Second guess is that bounding box of spatial index is incorrect.
If those two are fine. Please post execution plan and some sample data.
November 3, 2013 at 4:43 am
I am not an expert on Spatial data, but I do know a few things:
* The reply by Ville-Pekka is incorrect. I think he is confusing two features. Indexed views is the only feature that works automatically in enterprise but needs hints in lower editions; all other features either work automatically on all editions, or don't work at all on lower features.
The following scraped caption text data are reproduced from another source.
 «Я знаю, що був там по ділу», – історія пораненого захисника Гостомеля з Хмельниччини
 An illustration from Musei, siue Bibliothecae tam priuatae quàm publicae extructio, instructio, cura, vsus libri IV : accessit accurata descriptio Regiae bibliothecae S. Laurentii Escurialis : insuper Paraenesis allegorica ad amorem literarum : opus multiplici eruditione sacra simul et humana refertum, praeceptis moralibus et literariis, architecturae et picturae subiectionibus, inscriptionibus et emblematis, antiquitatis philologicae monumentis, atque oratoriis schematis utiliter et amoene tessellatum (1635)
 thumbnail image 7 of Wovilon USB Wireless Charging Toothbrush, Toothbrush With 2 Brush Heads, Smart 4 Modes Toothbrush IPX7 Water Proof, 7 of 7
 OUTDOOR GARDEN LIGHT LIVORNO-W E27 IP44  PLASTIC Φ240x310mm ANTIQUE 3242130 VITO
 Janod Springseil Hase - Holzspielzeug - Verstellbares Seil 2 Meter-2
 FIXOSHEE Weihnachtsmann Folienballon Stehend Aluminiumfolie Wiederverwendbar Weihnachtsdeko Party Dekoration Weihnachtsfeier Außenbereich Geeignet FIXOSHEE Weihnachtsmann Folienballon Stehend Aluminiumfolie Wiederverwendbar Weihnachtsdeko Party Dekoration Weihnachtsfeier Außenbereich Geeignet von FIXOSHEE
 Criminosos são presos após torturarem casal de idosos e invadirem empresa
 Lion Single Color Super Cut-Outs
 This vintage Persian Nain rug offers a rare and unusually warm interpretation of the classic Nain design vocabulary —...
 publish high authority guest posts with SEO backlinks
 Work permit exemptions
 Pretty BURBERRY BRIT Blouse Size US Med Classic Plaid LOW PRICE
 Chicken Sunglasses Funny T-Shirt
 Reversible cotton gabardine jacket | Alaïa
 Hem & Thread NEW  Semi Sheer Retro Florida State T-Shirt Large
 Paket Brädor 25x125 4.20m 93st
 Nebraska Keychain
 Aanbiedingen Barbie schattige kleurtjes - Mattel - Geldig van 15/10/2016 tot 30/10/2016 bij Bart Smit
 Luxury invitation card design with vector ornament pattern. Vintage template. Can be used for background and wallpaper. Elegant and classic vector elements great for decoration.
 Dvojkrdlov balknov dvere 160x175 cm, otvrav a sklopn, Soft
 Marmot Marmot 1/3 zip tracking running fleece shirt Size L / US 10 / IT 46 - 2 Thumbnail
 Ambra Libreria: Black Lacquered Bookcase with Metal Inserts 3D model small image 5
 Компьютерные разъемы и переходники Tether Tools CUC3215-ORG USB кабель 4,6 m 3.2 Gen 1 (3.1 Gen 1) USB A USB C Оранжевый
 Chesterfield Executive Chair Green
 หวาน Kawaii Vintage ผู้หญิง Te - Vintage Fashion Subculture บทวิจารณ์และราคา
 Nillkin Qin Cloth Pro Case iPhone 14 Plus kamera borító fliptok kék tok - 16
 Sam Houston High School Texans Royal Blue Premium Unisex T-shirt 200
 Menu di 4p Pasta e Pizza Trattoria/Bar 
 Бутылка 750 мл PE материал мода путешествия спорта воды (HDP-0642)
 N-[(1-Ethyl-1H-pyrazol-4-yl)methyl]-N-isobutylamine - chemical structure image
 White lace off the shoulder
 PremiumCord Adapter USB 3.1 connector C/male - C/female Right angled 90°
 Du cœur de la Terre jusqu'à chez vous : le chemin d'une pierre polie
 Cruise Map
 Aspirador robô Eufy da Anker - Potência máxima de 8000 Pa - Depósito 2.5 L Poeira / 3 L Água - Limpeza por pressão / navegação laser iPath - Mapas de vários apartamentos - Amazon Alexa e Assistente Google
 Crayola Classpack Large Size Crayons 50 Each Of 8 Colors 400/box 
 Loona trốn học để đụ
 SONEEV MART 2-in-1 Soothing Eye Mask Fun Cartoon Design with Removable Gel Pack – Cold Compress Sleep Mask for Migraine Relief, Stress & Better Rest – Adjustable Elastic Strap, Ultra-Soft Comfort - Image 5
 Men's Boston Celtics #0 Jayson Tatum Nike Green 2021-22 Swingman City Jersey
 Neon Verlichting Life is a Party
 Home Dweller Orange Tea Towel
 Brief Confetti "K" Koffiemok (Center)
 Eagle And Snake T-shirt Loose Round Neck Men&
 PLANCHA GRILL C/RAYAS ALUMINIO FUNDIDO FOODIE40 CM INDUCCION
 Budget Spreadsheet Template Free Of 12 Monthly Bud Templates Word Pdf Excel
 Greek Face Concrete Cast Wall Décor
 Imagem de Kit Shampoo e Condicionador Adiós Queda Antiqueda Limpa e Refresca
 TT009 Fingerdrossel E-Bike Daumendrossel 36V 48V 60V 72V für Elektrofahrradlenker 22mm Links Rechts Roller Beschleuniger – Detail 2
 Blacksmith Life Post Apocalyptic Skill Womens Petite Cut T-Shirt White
* Are you running on SQL Server 2008? If so, check SELECT @@VERSION to see what, if any, service pack you have installed. If you are on RTM, that might be the cause - there were some huge imprevements to the costing of spatial queries that solved a lot of issues with spatial indexes not being used in SP1. See http://www.sqlskills.com/blogs/bobb/how-to-ensure-your-spatial-index-is-being-used/[/url].
* Other things that might help are simplfying the query (break it down in subqueries if needed), and executing it in such a way that the optimizer "knows" the parameter value. You may also need to add a recompile hint, to prevent parameter sniffing issues.
I do agree with Ville-Pekka that posting the execution plan would help. And the full query or stored procedure.
November 3, 2013 at 6:37 am
Hugo Kornelis (11/3/2013)
* The reply by Ville-Pekka is incorrect. I think he is confusing two features. Indexed views is the only feature that works automatically in enterprise but needs hints in lower editions; all other features either work automatically on all editions, or don't work at all on lower features.
No I did not confuse. I just did not know this and made a false assumption. My empirical studies has just shown that standard and express editions rather choose some other index than spatial if there is an option. My test can be bad because I know for sure that those queries are not near optimal where this has happened.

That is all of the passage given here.